Import and Normalization

The import of the data from local sites to SwissBib will undergo filtering and normalization rules to ensure data consistency. These rules are explained here.


Import

The Import of the data is rule based on the level of a library network's database. Generally some type of records should be discarded on import:

  • IDS Dummy records containing a combination of or at least one of the following fields: 920 --, 925 -- and 999 --
  • IDS acquisition records to be identified by a combination of leader position 17 value 5 or 8 and field 920 1-
  • records missing field 245
    • records missing field 245 but containing parallel title field 246 (237 records) should be corrected.
    • special treatment for records from ETHICS (password protected page) without field 245


Normalization

Normalization means here the process by which record fields are transformed in some way to make them consistent in a way which they might not have been ... Normalization is needed to ensure that the content of record fields of different sites conform to the standard the Discovery Engine of SwissBib expects.

There are several levels of transformation: for fixed fields, for codes, etc.

Another good example is ISBN that recently changed form 10 to 13 digits. In order to get a match the old 10 digit numbers need to be converted to new 13 digit numbers.


Fields to normalize

  • ISBN: old 10 digit numbers need to be converted to new 13 digit numbers


Data Analysis Findings

The Septembers 2008 test export of seven SwissBib sites (except SBT) was used to analyze the data for normalization and correction requirements.

The following table shows three common irregularities in data structure totaled over the whole SwissBib test data pool. System librarians should have a look at the log files under Import DataSources (members only).


  numbers   percentage
Total Records 17847245   100 %
LDR 49831   0.27920836 %
first subfieldcode missing 9767   0.05472553 %
forbidden characters 25815   0.14464417 %
       
Total Inconsistencies 85413   0.47857807 %


The irregularities have different implications for SwissBib as well as for local systems. They will be corrected during import on the SwissBib side. Nevertheless some of the cases should be solved on the local level as they affect indexing or presentation in the local system's OPAC.

SwissBib will be happy to deliver lists with system numbers affected if wished by the local networks.
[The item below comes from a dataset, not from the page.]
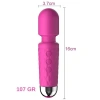VipMarketim Mini Wand Massager Şarjlı Vibratör - Pembe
Irregularities 20081204.png


LDR irregularities

LDR irregularities are the biggest share by numbers. Very common are missing zeroes on positions 22 and 23 as well as missing numbers on position 10 and 11. Very common for dummy records is the missing position 17 (encoding level), which defines them as records of highest quality.


first subfield code missing

This is pressing for most Aleph local systems as these codes are used to define inclusion into indexing as well as presentation in OPAC. Certain fields are easily fixable as the first subfield is always "a". Numbers are not that big in most networks.


forbidden characters

This means "control characters" on indicator positions, umlauts as subfield codes only to mention the most common cases.